*What the task requires*: Within the material below, locate the line with "worker washing the" and the line with "a tiny house", then return those two lines and all lines between them, exactly as written.

□ □ □

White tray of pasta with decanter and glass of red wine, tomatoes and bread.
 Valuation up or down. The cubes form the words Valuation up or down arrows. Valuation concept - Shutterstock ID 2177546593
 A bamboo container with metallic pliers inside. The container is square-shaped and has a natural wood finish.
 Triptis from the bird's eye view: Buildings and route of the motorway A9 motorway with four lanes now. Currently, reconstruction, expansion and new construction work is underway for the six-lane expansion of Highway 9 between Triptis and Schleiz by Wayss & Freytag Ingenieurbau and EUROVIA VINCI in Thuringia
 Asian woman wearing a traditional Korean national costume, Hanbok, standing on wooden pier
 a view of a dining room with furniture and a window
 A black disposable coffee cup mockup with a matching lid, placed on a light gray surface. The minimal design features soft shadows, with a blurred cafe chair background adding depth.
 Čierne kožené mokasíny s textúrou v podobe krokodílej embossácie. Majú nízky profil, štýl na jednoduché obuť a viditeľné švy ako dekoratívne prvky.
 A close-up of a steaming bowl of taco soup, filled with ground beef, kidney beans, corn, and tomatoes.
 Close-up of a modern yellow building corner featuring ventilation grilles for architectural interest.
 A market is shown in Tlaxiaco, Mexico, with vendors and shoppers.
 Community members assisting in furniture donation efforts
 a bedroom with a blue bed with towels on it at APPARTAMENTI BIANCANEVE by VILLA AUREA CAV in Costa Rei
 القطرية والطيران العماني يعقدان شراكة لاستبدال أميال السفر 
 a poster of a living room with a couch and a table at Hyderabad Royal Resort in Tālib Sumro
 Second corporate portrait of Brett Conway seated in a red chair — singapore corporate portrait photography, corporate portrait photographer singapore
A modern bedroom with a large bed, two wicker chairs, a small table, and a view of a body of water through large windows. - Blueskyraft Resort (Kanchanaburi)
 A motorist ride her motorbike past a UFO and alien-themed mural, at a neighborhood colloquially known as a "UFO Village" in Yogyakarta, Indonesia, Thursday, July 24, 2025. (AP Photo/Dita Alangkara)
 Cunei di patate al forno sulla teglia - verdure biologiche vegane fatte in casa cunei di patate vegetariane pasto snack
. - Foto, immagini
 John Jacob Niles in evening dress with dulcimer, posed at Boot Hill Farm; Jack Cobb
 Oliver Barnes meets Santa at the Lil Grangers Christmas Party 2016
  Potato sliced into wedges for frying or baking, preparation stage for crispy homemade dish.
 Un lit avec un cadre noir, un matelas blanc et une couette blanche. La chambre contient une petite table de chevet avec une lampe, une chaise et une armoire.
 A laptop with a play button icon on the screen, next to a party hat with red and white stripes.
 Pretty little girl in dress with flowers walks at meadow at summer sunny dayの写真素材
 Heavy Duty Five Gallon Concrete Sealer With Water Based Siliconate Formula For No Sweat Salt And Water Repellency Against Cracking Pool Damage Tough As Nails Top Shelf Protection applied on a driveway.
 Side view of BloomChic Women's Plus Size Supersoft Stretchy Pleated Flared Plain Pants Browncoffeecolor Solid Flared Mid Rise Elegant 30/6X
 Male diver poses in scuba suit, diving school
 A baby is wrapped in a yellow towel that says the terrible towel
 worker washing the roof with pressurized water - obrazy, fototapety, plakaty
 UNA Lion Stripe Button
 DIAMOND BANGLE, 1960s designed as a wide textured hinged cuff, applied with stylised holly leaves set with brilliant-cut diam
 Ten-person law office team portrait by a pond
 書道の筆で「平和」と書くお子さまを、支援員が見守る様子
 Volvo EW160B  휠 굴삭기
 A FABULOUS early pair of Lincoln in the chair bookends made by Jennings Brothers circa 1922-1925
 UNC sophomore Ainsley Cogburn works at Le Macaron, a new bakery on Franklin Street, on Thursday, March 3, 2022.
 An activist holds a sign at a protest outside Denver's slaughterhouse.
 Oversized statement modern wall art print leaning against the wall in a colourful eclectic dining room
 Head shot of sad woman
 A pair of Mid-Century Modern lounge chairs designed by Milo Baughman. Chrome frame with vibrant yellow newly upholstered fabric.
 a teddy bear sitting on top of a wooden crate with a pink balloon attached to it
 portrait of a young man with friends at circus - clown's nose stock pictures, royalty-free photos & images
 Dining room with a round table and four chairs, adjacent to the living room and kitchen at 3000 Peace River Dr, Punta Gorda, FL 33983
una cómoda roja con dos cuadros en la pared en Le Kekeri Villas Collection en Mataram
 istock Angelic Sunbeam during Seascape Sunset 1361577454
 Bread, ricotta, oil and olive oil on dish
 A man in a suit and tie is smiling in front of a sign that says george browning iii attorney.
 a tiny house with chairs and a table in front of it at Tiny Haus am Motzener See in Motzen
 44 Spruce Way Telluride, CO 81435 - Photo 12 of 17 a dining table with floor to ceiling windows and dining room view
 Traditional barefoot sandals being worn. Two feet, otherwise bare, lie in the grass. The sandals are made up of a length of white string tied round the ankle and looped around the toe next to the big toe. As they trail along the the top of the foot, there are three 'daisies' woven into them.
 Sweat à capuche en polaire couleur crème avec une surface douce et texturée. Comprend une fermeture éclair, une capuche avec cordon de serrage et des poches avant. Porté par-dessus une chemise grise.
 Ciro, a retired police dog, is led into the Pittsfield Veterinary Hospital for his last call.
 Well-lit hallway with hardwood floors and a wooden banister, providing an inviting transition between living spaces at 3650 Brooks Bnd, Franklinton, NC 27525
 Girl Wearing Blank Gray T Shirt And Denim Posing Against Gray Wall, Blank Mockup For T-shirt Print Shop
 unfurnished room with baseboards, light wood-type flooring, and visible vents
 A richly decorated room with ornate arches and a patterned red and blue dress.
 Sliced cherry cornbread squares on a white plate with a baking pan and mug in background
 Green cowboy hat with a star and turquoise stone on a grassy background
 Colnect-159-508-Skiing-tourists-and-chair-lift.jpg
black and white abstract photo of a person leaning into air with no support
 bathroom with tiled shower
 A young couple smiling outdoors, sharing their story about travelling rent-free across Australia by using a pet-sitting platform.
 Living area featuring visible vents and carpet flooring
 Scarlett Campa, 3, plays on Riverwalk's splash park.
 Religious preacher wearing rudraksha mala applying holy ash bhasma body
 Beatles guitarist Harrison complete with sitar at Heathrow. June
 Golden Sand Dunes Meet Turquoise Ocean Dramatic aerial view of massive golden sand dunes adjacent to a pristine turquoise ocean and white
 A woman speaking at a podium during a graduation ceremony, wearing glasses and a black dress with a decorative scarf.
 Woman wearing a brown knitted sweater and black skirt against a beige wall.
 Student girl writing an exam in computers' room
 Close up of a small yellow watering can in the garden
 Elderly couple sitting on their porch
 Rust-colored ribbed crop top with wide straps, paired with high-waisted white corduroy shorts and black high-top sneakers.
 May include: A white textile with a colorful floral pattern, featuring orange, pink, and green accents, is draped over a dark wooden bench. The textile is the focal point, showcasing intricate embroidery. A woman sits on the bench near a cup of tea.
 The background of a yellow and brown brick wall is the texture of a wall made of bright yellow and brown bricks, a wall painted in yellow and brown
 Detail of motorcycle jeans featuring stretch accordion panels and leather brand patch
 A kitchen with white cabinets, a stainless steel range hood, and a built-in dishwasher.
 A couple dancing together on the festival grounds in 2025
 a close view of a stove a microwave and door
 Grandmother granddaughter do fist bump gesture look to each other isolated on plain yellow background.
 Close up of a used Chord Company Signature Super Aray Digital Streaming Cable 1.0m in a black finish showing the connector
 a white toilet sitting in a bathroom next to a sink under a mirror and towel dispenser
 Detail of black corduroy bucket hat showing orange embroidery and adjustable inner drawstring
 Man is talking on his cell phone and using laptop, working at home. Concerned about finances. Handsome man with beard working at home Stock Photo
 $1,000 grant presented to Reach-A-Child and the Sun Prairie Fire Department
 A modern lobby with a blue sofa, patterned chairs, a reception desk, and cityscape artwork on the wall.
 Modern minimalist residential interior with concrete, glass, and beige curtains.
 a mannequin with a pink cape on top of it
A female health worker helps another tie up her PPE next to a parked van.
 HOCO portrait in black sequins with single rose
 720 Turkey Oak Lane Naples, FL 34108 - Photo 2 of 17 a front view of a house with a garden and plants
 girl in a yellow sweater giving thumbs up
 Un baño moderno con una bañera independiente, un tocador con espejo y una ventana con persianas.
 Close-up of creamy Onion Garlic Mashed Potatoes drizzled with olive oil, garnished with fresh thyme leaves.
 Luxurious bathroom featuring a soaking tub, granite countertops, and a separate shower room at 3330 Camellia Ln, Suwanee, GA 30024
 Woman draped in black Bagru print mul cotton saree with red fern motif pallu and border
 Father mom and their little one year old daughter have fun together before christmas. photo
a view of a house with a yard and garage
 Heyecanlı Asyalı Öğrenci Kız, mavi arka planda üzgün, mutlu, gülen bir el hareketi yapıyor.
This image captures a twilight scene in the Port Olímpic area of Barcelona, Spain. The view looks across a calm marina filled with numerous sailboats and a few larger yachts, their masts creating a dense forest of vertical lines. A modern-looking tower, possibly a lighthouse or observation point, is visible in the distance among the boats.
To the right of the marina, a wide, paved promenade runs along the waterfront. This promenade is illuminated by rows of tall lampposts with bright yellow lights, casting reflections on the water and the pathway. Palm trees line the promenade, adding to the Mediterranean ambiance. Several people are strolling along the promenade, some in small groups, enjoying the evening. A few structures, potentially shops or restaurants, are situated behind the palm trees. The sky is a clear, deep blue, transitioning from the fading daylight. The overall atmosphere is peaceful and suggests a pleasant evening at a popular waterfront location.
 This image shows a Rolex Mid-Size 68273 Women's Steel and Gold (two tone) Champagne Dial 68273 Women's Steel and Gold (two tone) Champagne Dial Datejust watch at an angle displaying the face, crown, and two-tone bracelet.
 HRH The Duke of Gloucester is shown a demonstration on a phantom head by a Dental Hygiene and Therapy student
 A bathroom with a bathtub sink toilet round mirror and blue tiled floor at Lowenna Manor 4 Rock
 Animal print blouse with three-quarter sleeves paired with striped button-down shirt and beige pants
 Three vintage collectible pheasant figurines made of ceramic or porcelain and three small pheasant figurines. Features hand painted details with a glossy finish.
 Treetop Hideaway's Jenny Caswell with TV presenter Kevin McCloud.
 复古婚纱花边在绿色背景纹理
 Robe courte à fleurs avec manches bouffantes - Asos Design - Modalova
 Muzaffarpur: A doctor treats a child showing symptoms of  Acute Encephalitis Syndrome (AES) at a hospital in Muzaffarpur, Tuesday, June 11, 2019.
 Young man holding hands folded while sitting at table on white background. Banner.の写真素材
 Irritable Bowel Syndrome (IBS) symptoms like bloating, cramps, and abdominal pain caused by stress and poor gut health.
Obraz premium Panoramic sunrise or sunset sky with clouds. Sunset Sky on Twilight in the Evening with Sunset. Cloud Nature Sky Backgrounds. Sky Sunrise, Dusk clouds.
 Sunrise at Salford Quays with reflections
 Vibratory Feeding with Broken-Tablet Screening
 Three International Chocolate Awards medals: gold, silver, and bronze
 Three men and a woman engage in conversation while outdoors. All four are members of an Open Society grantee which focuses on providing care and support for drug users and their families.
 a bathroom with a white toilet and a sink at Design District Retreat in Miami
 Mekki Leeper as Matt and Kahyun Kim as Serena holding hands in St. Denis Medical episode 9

□ □ □

*Response*:
 worker washing the roof with pressurized water - obrazy, fototapety, plakaty
 UNA Lion Stripe Button
 DIAMOND BANGLE, 1960s designed as a wide textured hinged cuff, applied with stylised holly leaves set with brilliant-cut diam
 Ten-person law office team portrait by a pond
 書道の筆で「平和」と書くお子さまを、支援員が見守る様子
 Volvo EW160B  휠 굴삭기
 A FABULOUS early pair of Lincoln in the chair bookends made by Jennings Brothers circa 1922-1925
 UNC sophomore Ainsley Cogburn works at Le Macaron, a new bakery on Franklin Street, on Thursday, March 3, 2022.
 An activist holds a sign at a protest outside Denver's slaughterhouse.
 Oversized statement modern wall art print leaning against the wall in a colourful eclectic dining room
 Head shot of sad woman
 A pair of Mid-Century Modern lounge chairs designed by Milo Baughman. Chrome frame with vibrant yellow newly upholstered fabric.
 a teddy bear sitting on top of a wooden crate with a pink balloon attached to it
 portrait of a young man with friends at circus - clown's nose stock pictures, royalty-free photos & images
 Dining room with a round table and four chairs, adjacent to the living room and kitchen at 3000 Peace River Dr, Punta Gorda, FL 33983
una cómoda roja con dos cuadros en la pared en Le Kekeri Villas Collection en Mataram
 istock Angelic Sunbeam during Seascape Sunset 1361577454
 Bread, ricotta, oil and olive oil on dish
 A man in a suit and tie is smiling in front of a sign that says george browning iii attorney.
 a tiny house with chairs and a table in front of it at Tiny Haus am Motzener See in Motzen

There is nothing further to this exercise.